Cadman's cottage on the western side of Circular Quay is the oldest surviving residential cottage in Sydney. Its design has sometimes been attributed to the convict architect Francis Greenway. This modest double-storey sandstone building was built as the coxswain's barracks in 1815–16. Originally intended as barracks-style accommodation, it later housed four successive government coxswains and their families, as well as offices, until the mid-1840s.

Maritime trades were dominant on the western side of Sydney Cove from the first days of European settlement. This was where the government shipyard and commissariat stores were located, near the present-day Museum of Contemporary Art.

Sydney relied on the harbour and its river tributaries for transport in the early years of the colony. The government coxswain oversaw the government boats, which distributed and collected produce and supplies.

Cadman's cottage was named after John Cadman, who held the position of government coxswain from 1827 until his retirement in 1845. Cadman arrived in the colony as a convict aboard the Bar well in 1798, convicted of stealing a horse. He became a well respected member of the community, working on the government boats from at least 1806, and received a free pardon in 1821.

Of the four government coxswains appointed from about 1810, Cadman was the longest serving. He lived at the cottage while government coxswain, probably with his wife, fellow convict Elizabeth Mortimer, and her two daughters.

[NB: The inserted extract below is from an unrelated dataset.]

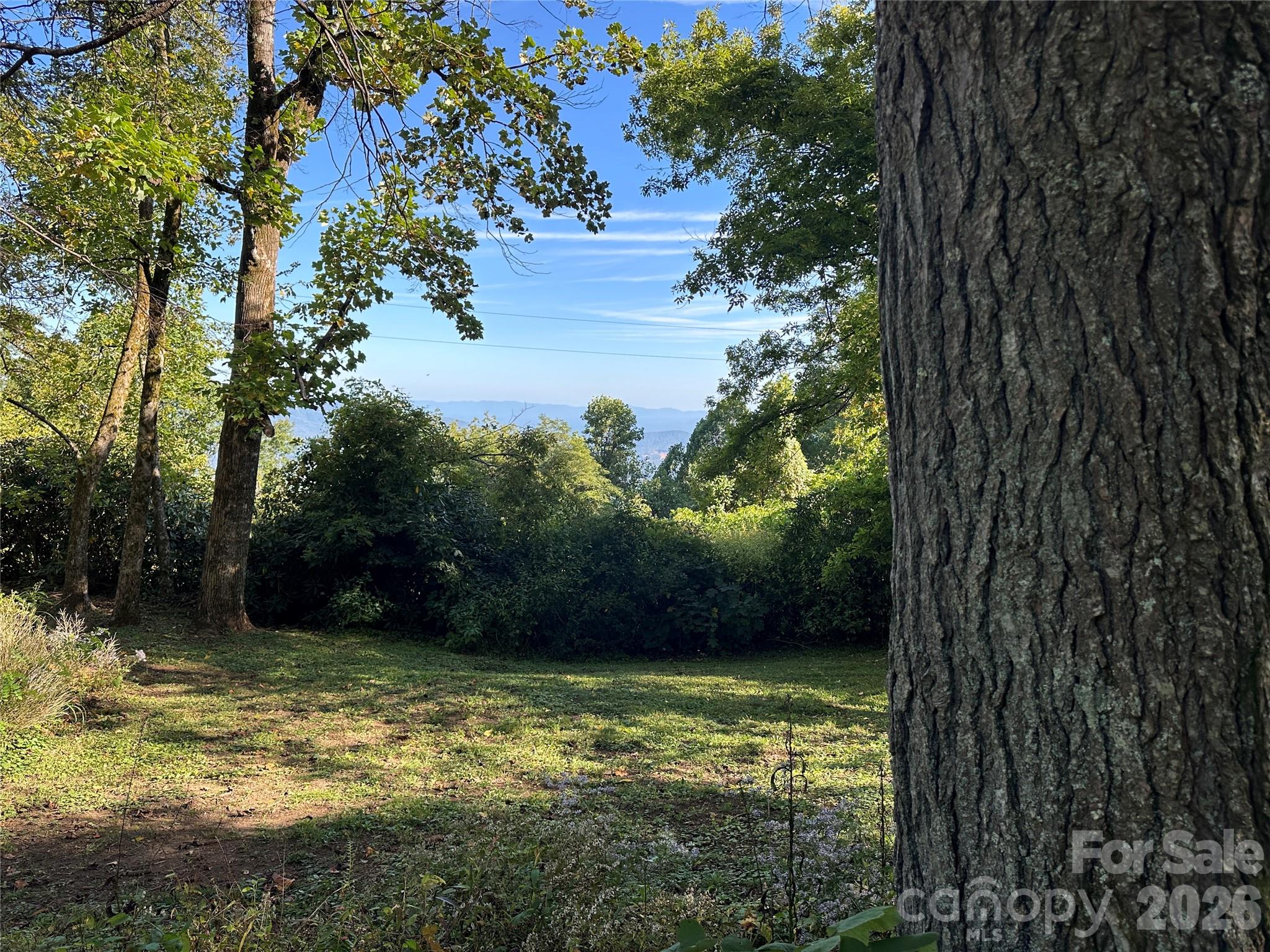 16 Osborn Knob Road Property Photo 42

Before he held this position Cadman had been the assistant government coxswain from about 1814, then served as the master of the government cutter Mars from about 1824 to 1826.

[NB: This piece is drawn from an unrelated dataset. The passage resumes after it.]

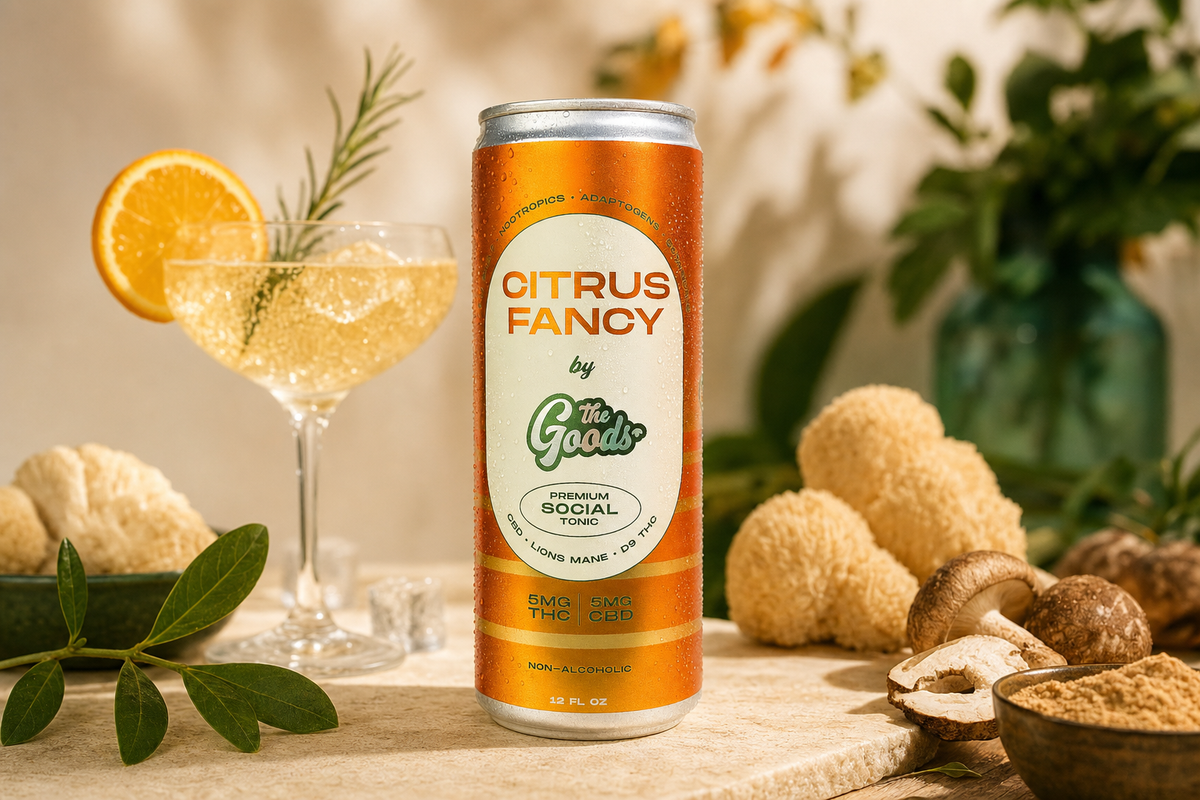 Citrus Fancy social tonic can beside a coupe cocktail, orange slice, lion's mane mushrooms, and greenery.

The job of government coxswain was abolished after Cadman retired in 1845. The convict transportation system had officially ceased in New South Wales in 1840, and was phased out over the next decade, which meant there was no longer a need to supply convicts with provisions from the stores. The consolidation of a radial network of roads from Sydney meant that the harbour and its tributaries were no longer the primary means of local transport, although the harbour continued to be used for commercial trade.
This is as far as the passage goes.